Perlu pula ditegaskan bahwa meskipun kehadiran madrasah di Minangkabau beralasan positif, di antaranya untuk menandingi sekolah-sekolah Belanda yang bercorak klasikal dan modern, namun awal kehadirannya turut menyebabkan surau mulai ditinggalkan dan kurang diminati masyarakat sebagai lembaga pendidikan. Dalam perkembangan selanjutnya, minat masyarakat pun semakin besar, tidak hanya kepada madrasah yang dianggap sebagai lembaga pendidikan Islam, akan tetapi sekolah pun menjadi lembaga pendidikan yang ramai diminati. Untuk itu, sekolah atau madrasah—baik tingkat dasar maupun menengah—yang ada di daerah Minangkabau sejatinya berupaya untuk melestarikan nilai-nilai surau sebagai lembaga pendidikan tersebut. Upaya ini dapat diwujudkan dalam bentuk "Pendidikan Berbasis Surau".

Selain itu, pentingnya sekolah berbasis surau juga relevan dengan spirit otonomi daerah yang menginginkan setiap daerah memiliki karakteristik tersendiri. Dengan karakter yang khas itu akan menjadikan daerah tersebut dikenal dan diteladani oleh daerah lain.

Adapun bentuk pelaksanaan sekolah berbasis surau tersebut, harus digagas oleh para ahli baik dari kalangan ulama, cendikiawan, tokoh adat, maupun dari masyarakat sendiri. Dalam tulisan ini, ada beberapa gagasan yang patut dipertimbangkan sebagai bentuk pelaksanaan sekolah berbasis surau tersebut. Pertama, menerapkan pendidikan al-Qur'an. Pendidikan al-Qur'an yang dimaksud bukan hanya dalam bentuk mata pelajaran seperti Baca Tulis al-Qur'an, akan tetapi terwujud dalam pembinaan tahsin bagi yang telah mampu membaca, tilawah al-Qur'an bagi yang berbakat, hingga kepada tahfizh (paling tidak tahfizh juz 'Amma), serta tafsir al-Qur'an.

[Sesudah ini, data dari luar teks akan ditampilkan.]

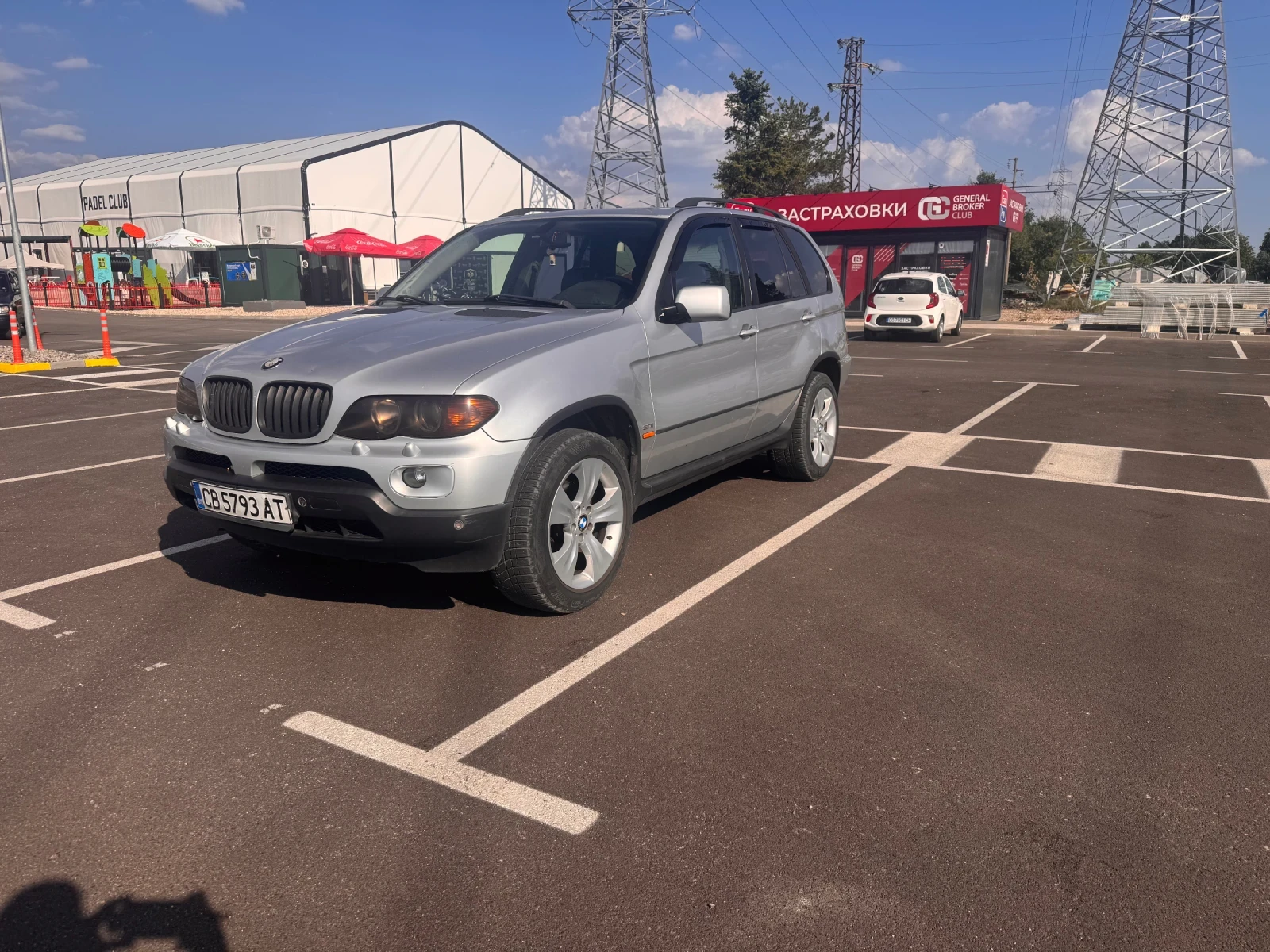 BMW X5, снимка 2 - Автомобили и джипове - 55868084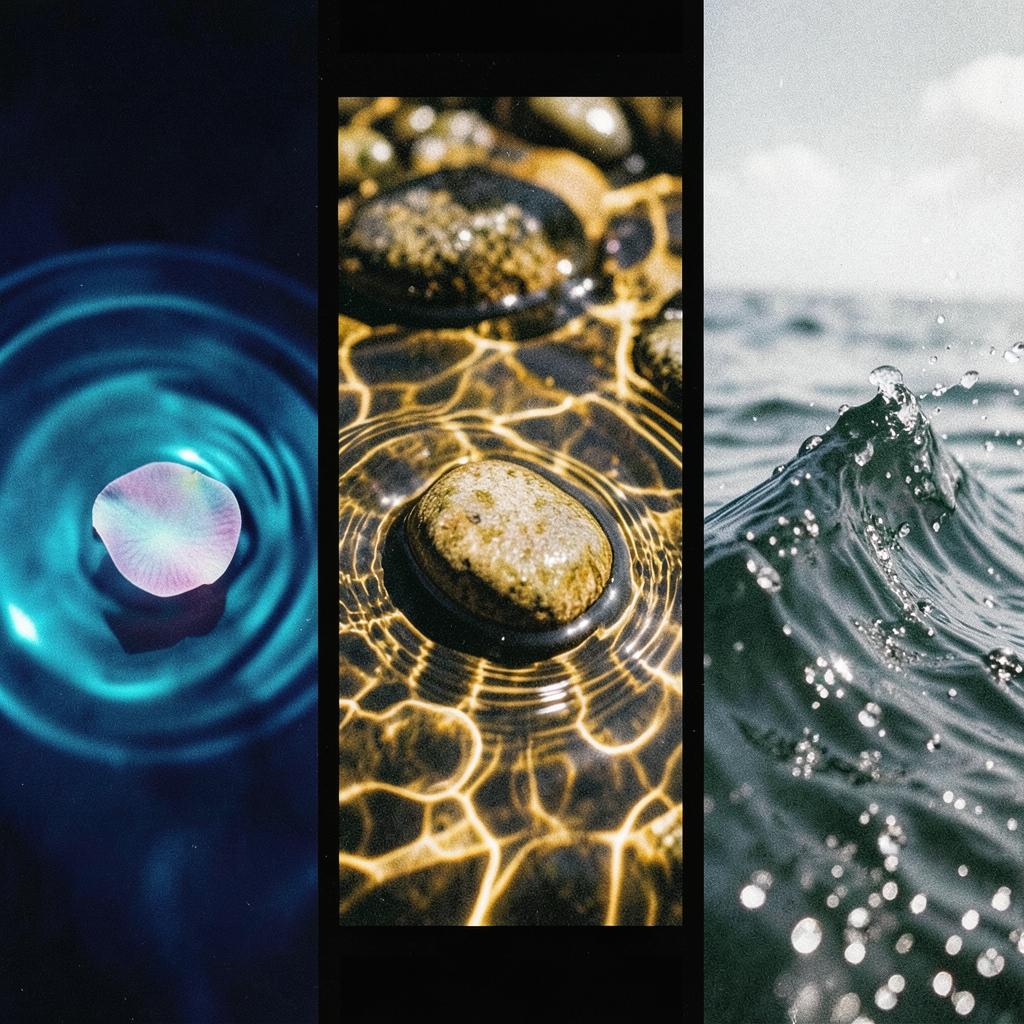 DANCE WITH THE TIDE artwork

Tegasnya, setiap sekolah, khususnya di tingkat sekolah menengah (SMP/MTs, SMA/MA dan SMK) mesti ada lembaga atau kelompok kajian al-Qur'an yang berisi tentang kegiatan-kegiatan di atas. Diharapkan juga kajian ini dilakukan dengan pendekatan integrited tematik, antara ilmu agama dengan ilmu lainnya, terutama dengan sains dan sosiologi; sebab kajian ini akan menambah minat siswa. Karena tidak semua siswa mengikuti kegiatan ini, maka hasil kajian yang diperoleh dipublikasikan kepada siswa lain melalui MADING khusus tentang Kajian Islam, jika memungkinkan akan lebih baik melalui majalah sekolah.

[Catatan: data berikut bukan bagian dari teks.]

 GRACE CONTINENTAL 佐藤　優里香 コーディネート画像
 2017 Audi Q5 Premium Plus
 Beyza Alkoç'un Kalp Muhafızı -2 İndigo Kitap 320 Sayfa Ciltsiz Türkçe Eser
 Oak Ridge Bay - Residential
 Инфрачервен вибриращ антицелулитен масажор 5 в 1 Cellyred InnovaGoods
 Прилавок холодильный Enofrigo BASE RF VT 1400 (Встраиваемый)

Bentuk ini perlu dilakukan, sebab ciri utama dari surau sebagai lembaga pendidikan pada masa lampau adalah belajar membaca al-Qur'an. Oleh karena itu, jika sekolah ingin mengaktualisasikan pendidikan surau untuk masa kini, maka penerapan pendidikan al-Qur'an suatu keniscayaan. Selain itu, penerapan pendidikan al-Qur'an di sekolah umum juga mesti diprioritaskan, khususnya dengan lahirnya Perda Prop. Sumbar Nomor 3 tahun 2007 tentang Pendidikan al-Qur'an sebagai kurikulum muatan lokal. Melalui Perda ini, sekolah diharapkan memiliki dasar hukum yang lebih kuat untuk menerapkan gagasan ini.

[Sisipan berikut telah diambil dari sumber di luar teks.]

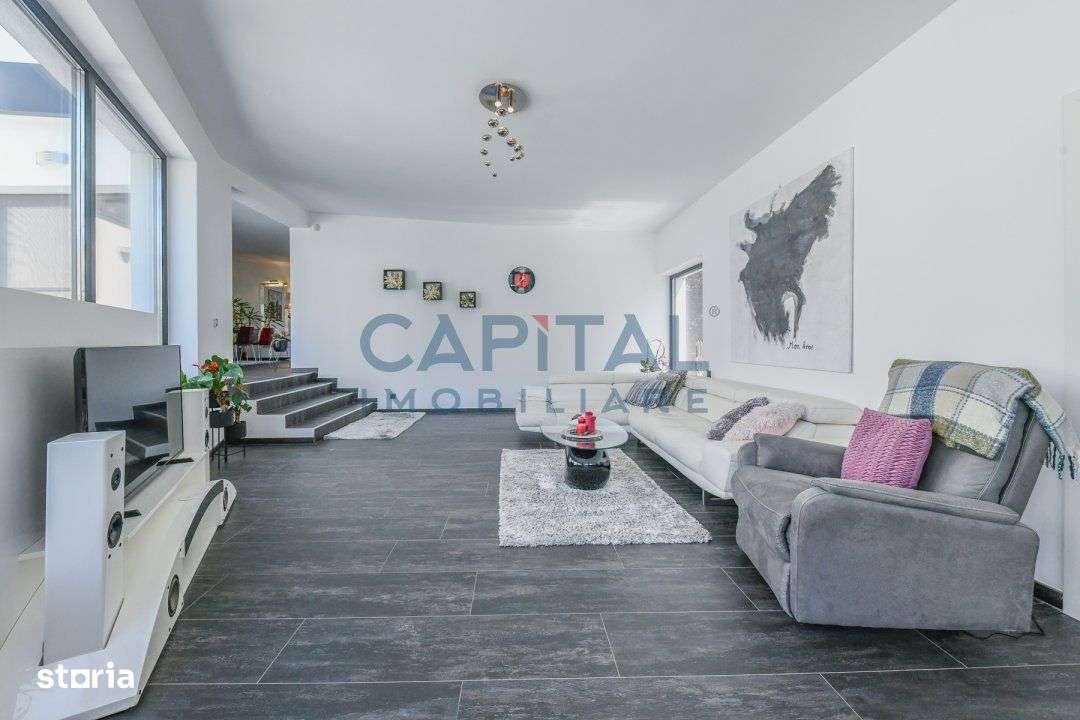 0% Comision | Green House Floresti | Casa pasiva - Imagine principală: 4/19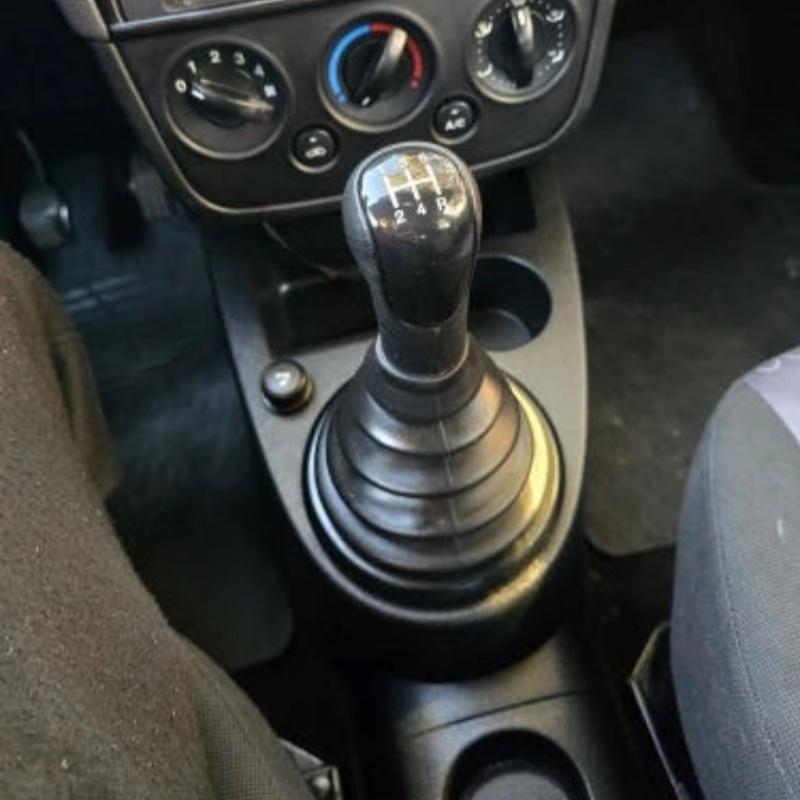 Gear Shift Knob Gaiter Boot Cover For Ford Fiesta Fusion Transit Connect 2002-2008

Kedua, setiap sekolah/madrasah harus memiliki masjid/mushalla, paling tidak memanfaatkan masjid/mushalla masyarakat di sekitar sekolah. Perlu pula meningkatkan fungsi masjid/mushalla, tidak hanya sebagai tempat ibadah seperti shalat, tetapi bisa dilengkapi dengan alat-alat yang berkenaan dengan pembelajaran agama, sehingga mushalla/masjid bisa menjadi "labor" pembelajaran yang terkait dengan mata pelajaran PAI.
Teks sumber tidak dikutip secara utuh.